Een eeuwenoude wandelroute lopen, de uitdaging aangaan met jezelf en de elementen. Het is iets wat me fascineert en trekt. Boeken hierover verslind ik dan ook sowieso makkelijk. Dit boek is ook ronduit prachtig.
Wanneer binnen een aantal dagen door een noodlottige samenloop van omstandigheden hun hele wereld instort, nemen Raynor Winn en haar man Moth een impulsief besluit: ze nemen het laatste geld wat ze hebben op en vertrekken voor een maandenlange wandeling over het South West Coast Path. Dakloos en doodziek concentreren ze zich iedere dag op simpelweg de ene voet voor de andere zetten. Ze leven op het weinige geld wat ze nog hebben en wildkamperen iedere nacht op de meest geschikte plek die ze kunnen vinden als de zon ondergaat. Iedere stap op het zoutpad langs de ruige, verweerde zuidkust van Engeland helpt hen om met hun verdriet en angst om te gaan. Om hun verleden achter zich te laten en om troost en zekerheid te vinden in de natuur.

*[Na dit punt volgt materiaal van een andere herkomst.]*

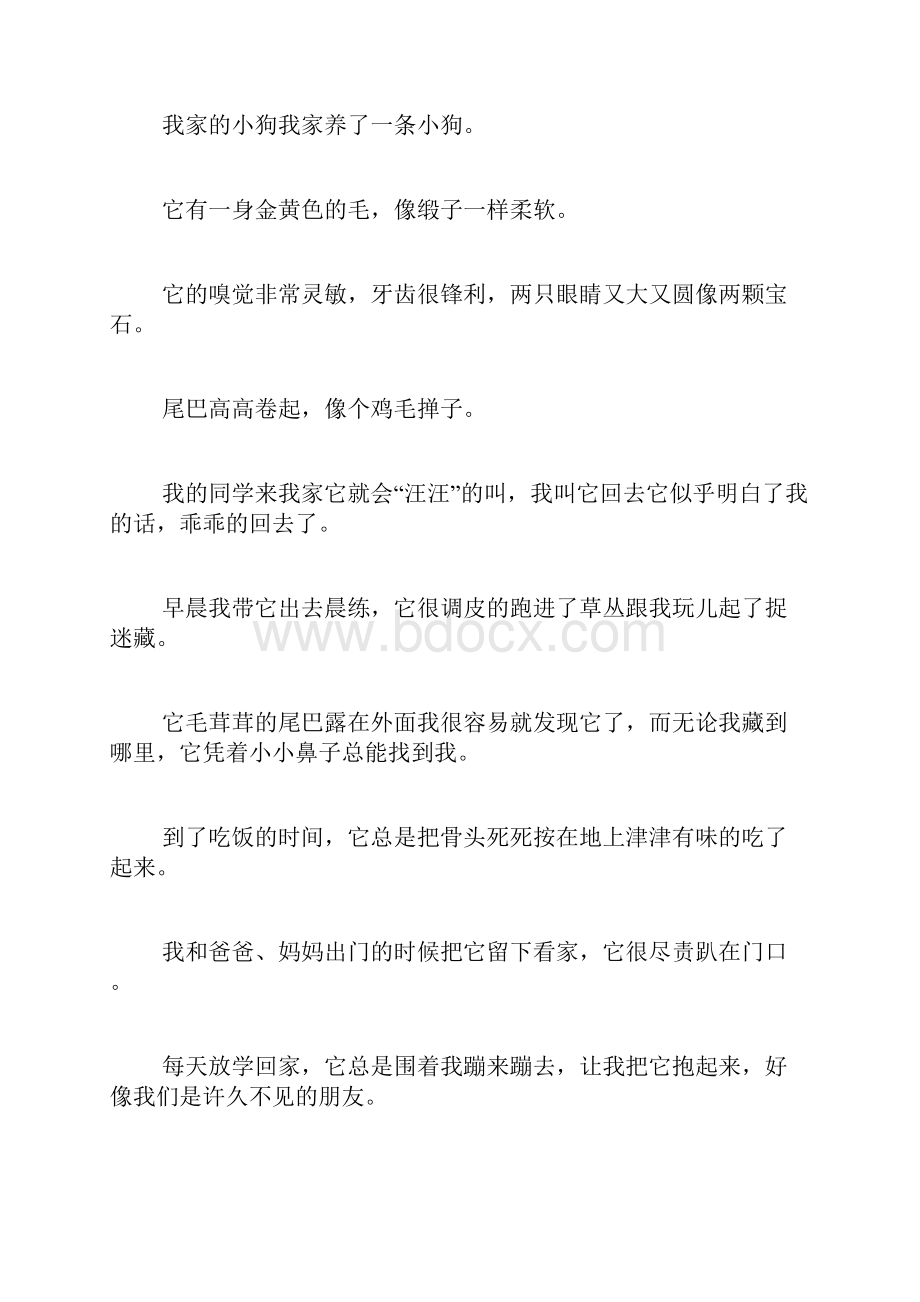 作文题目我家的一只小狗范文.docx_第2页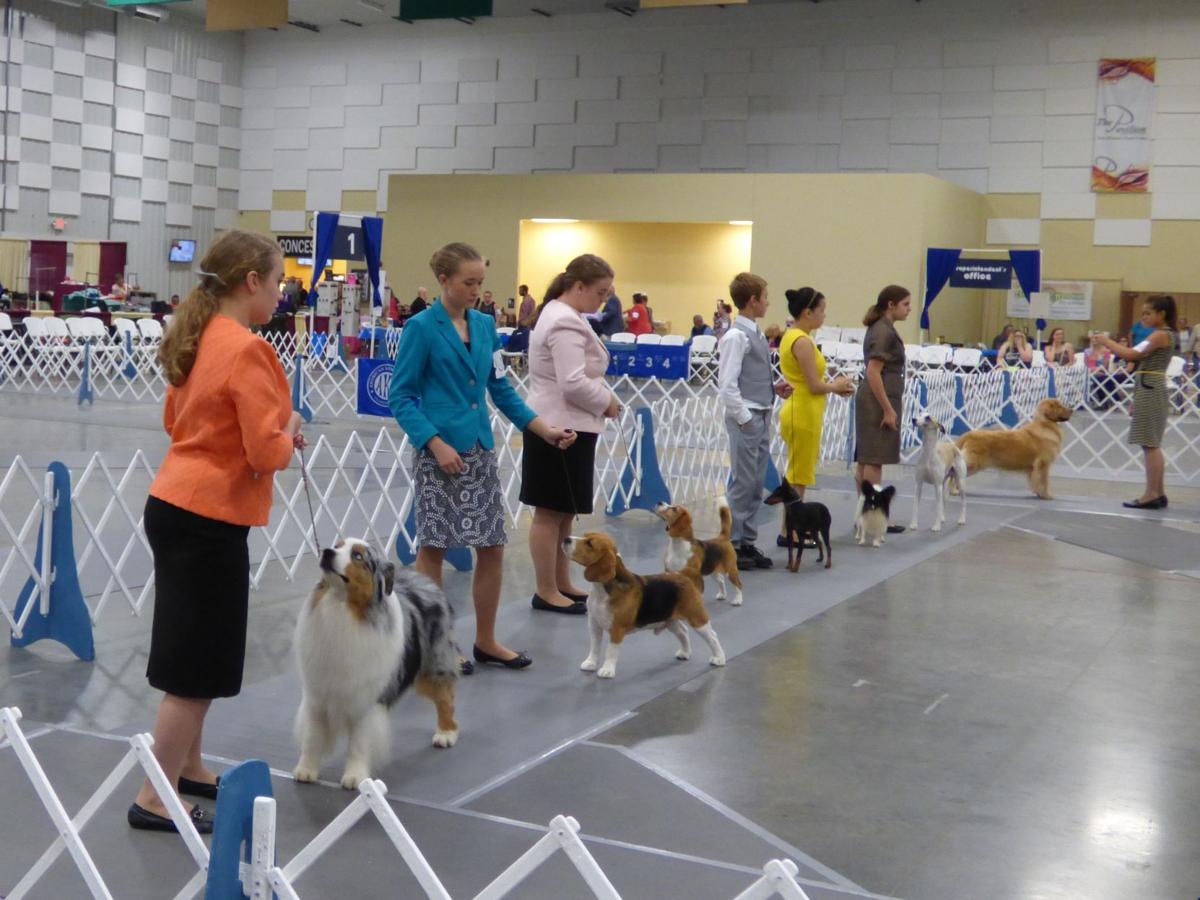 Best in Show Junior handlers win at Marion dog show Marion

Prachtige, poëtische beschrijvingen van de natuur in al haar subtiliteit en veranderlijkheid worden naadloos verweven met rake zinnen over de innerlijke ontwikkelingen en worstelingen die de wandeltocht met zich meebrengt. Het boek heeft veel diepgang maar is tegelijkertijd luchtig geschreven. Ik heb er van genoten!